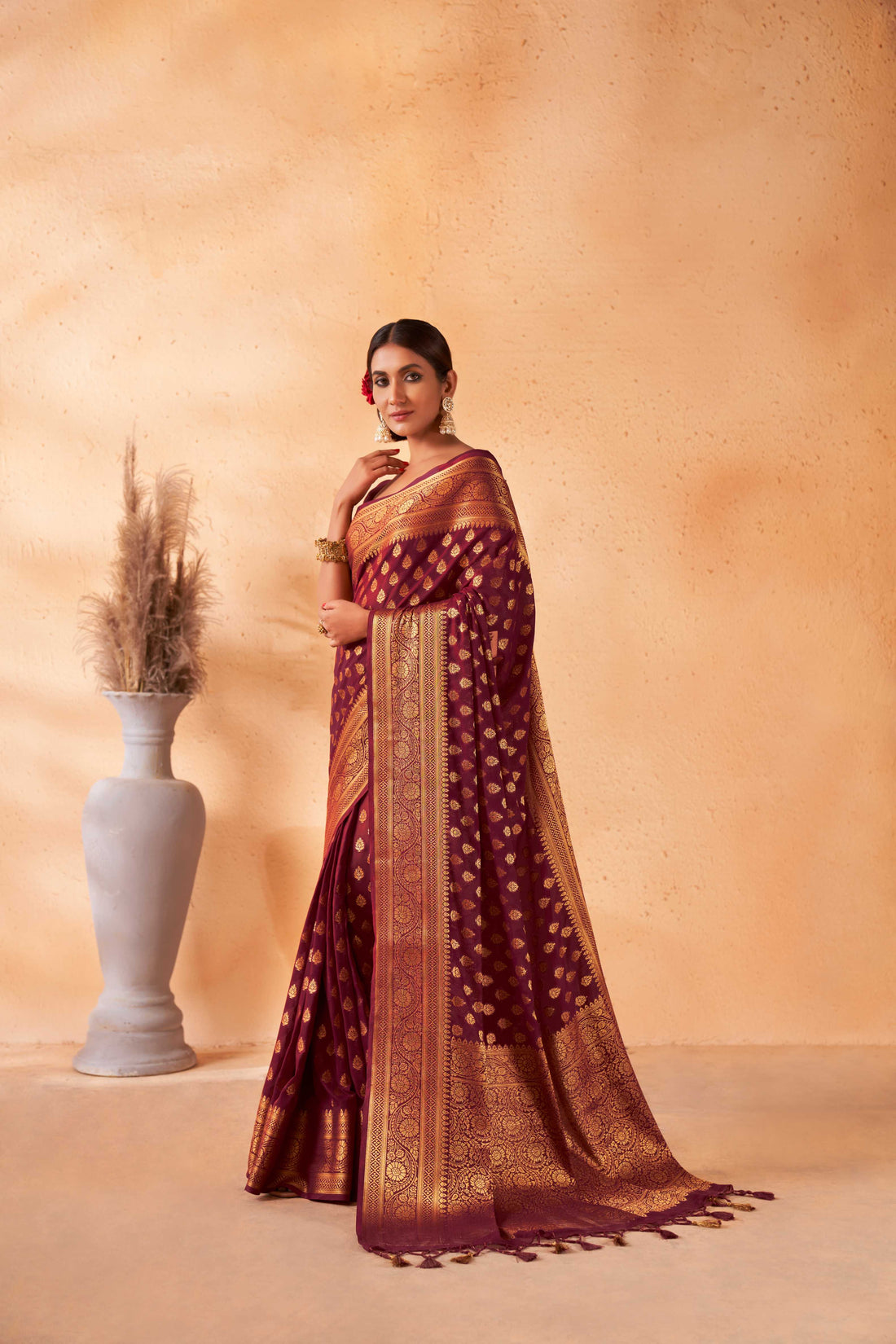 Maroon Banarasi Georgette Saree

--

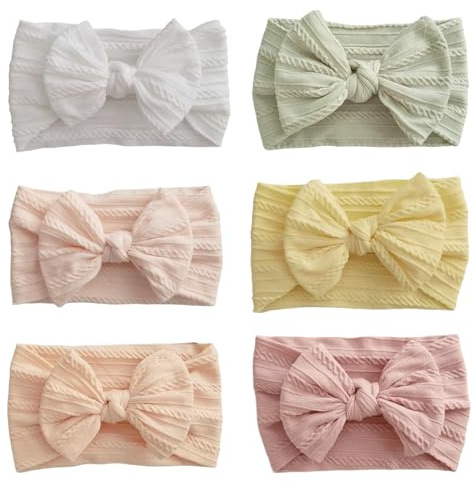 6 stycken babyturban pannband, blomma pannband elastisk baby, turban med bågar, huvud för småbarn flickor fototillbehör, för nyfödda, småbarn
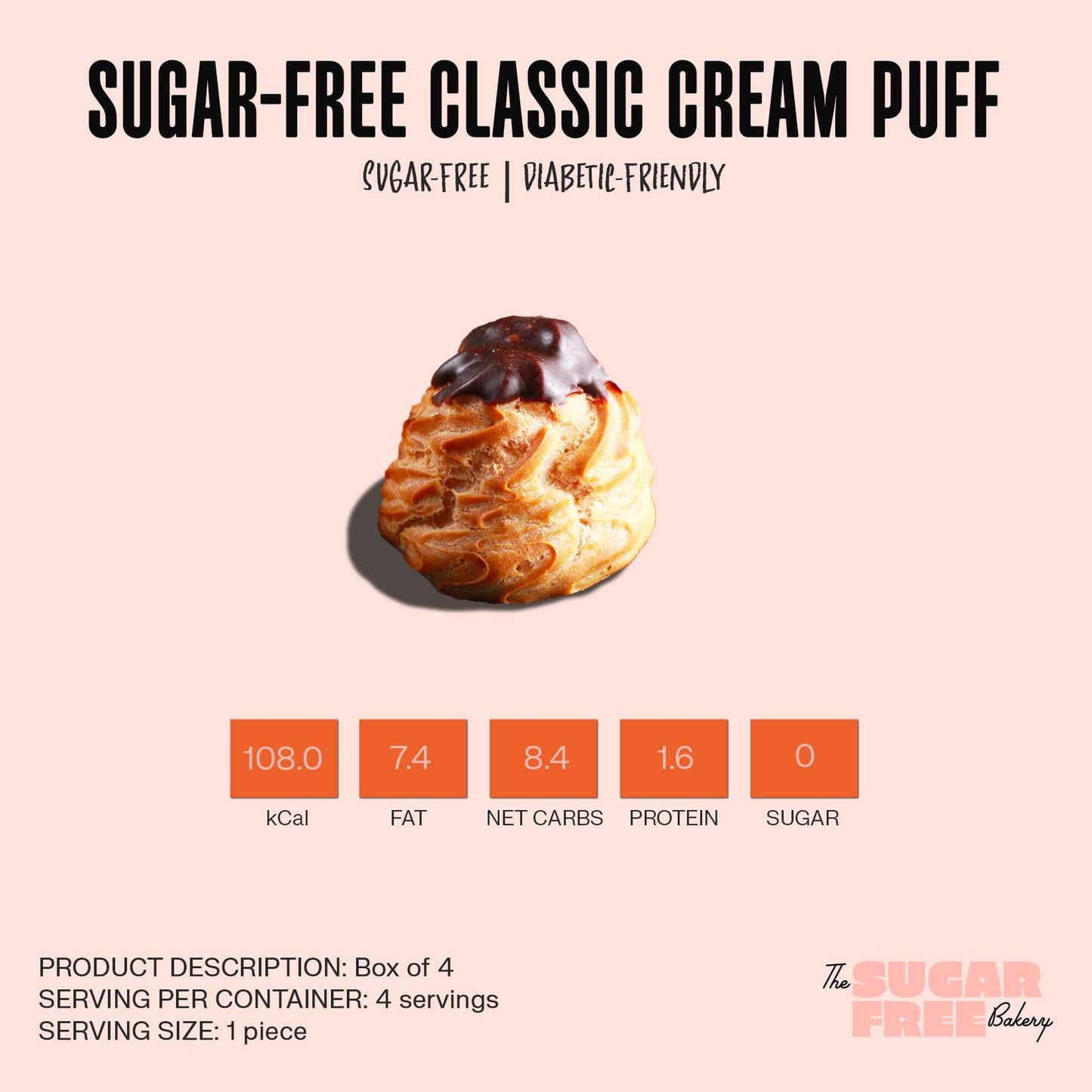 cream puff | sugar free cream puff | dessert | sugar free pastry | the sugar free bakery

==

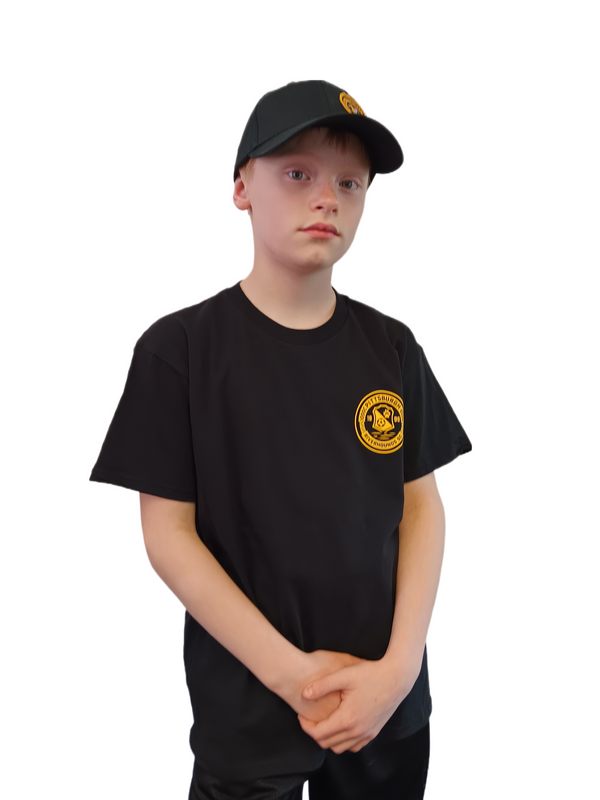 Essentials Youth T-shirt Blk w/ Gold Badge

▶ **Your assignment**:
Give exactly the lines above that run from the line with "6 stycken babyturban" to the line with "cream puff | sugar", both included, leaving every picture out.

▶ **Finished task**:
 6 stycken babyturban pannband, blomma pannband elastisk baby, turban med bågar, huvud för småbarn flickor fototillbehör, för nyfödda, småbarn
 cream puff | sugar free cream puff | dessert | sugar free pastry | the sugar free bakery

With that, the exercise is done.